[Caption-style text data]
━━━━━━━━

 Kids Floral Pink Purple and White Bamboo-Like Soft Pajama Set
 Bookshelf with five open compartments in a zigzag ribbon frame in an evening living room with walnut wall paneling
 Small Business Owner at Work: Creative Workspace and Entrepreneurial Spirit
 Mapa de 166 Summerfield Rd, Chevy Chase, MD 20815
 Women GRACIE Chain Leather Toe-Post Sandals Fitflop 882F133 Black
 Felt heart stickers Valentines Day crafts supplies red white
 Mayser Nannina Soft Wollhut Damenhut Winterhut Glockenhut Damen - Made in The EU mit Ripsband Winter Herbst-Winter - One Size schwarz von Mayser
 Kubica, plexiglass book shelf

━━━━━━━━

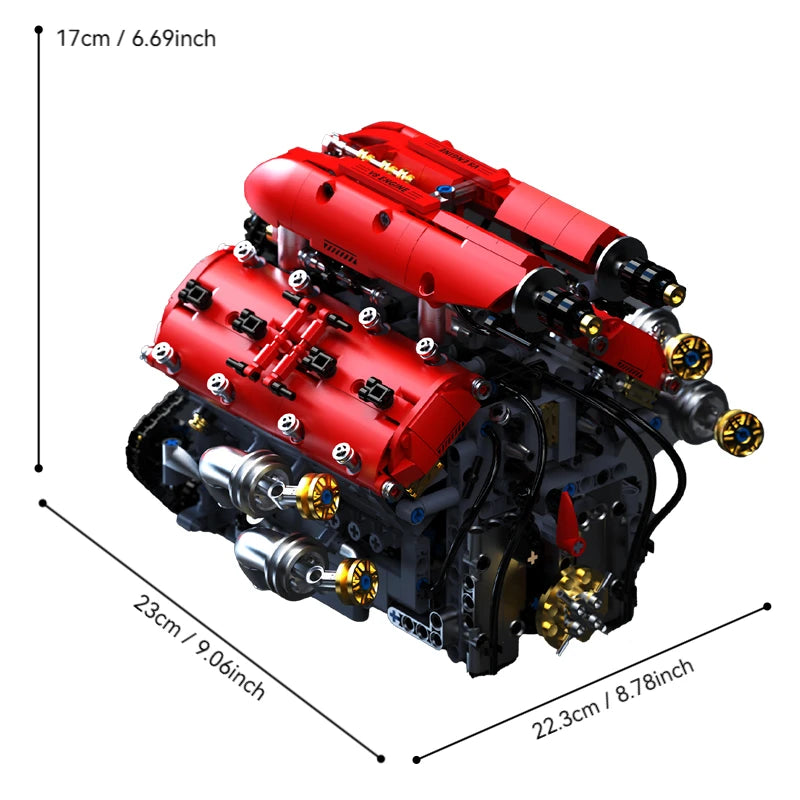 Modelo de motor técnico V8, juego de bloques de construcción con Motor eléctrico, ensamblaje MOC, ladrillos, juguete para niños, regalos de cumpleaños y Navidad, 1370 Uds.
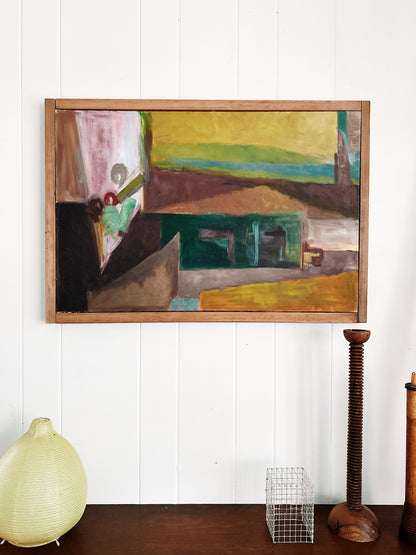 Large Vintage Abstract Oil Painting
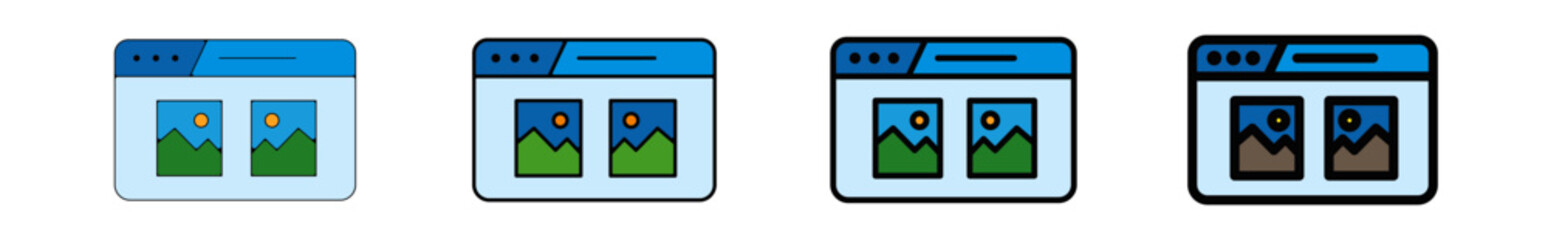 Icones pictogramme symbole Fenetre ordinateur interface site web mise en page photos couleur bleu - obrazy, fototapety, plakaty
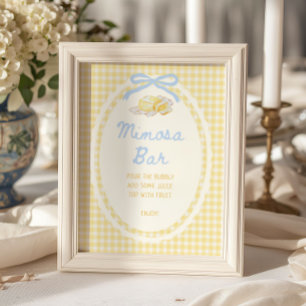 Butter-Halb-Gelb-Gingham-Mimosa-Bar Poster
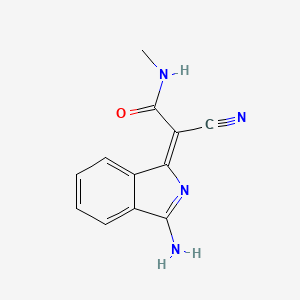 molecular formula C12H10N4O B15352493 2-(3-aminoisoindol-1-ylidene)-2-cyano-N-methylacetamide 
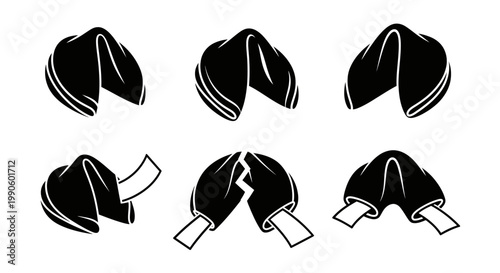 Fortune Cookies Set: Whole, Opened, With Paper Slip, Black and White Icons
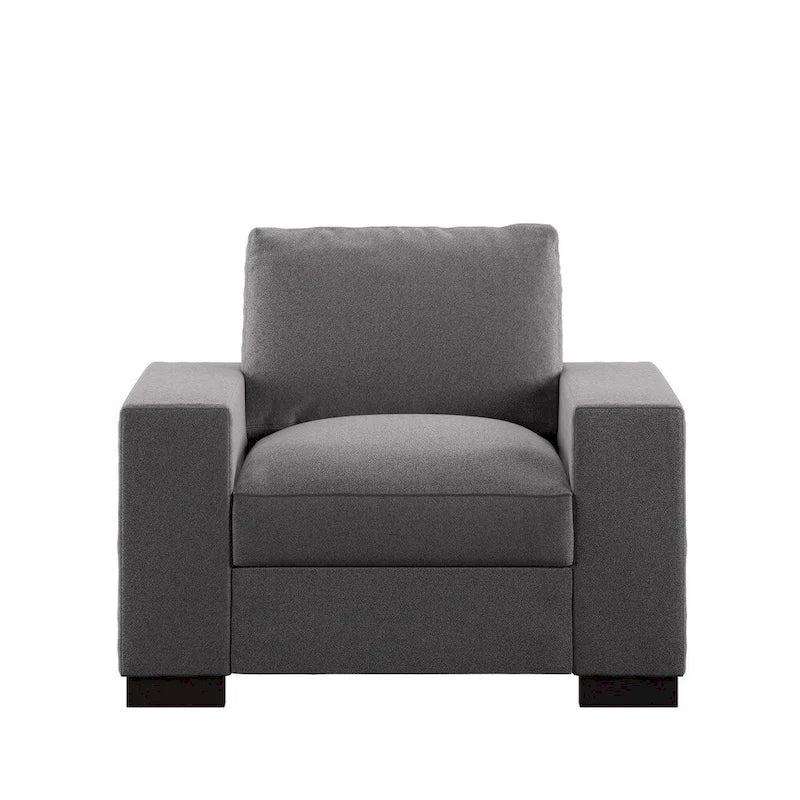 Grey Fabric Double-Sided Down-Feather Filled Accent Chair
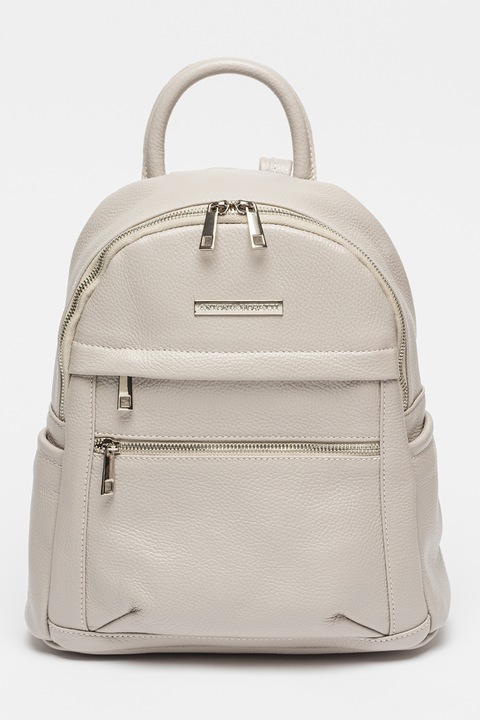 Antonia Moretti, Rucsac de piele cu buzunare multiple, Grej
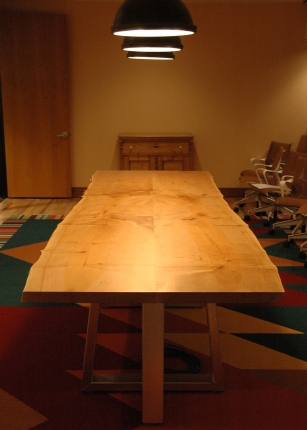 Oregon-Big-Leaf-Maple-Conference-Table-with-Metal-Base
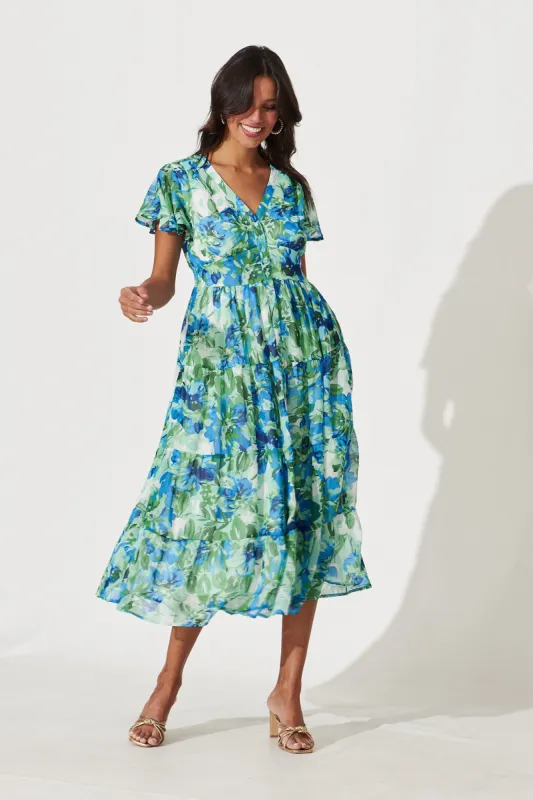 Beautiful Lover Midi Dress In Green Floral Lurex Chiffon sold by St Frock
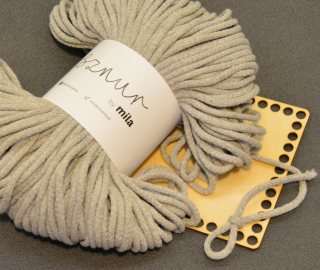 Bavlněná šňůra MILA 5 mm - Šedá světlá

━━━━━━━━

Description of the task: Which lines above run from the one containing "Kids Floral Pink" down to the one containing "Kubica, plexiglass book shelf"? Repeat exactly those, both ends included, and nothing else.

Response box:
 Kids Floral Pink Purple and White Bamboo-Like Soft Pajama Set
 Bookshelf with five open compartments in a zigzag ribbon frame in an evening living room with walnut wall paneling
 Small Business Owner at Work: Creative Workspace and Entrepreneurial Spirit
 Mapa de 166 Summerfield Rd, Chevy Chase, MD 20815
 Women GRACIE Chain Leather Toe-Post Sandals Fitflop 882F133 Black
 Felt heart stickers Valentines Day crafts supplies red white
 Mayser Nannina Soft Wollhut Damenhut Winterhut Glockenhut Damen - Made in The EU mit Ripsband Winter Herbst-Winter - One Size schwarz von Mayser
 Kubica, plexiglass book shelf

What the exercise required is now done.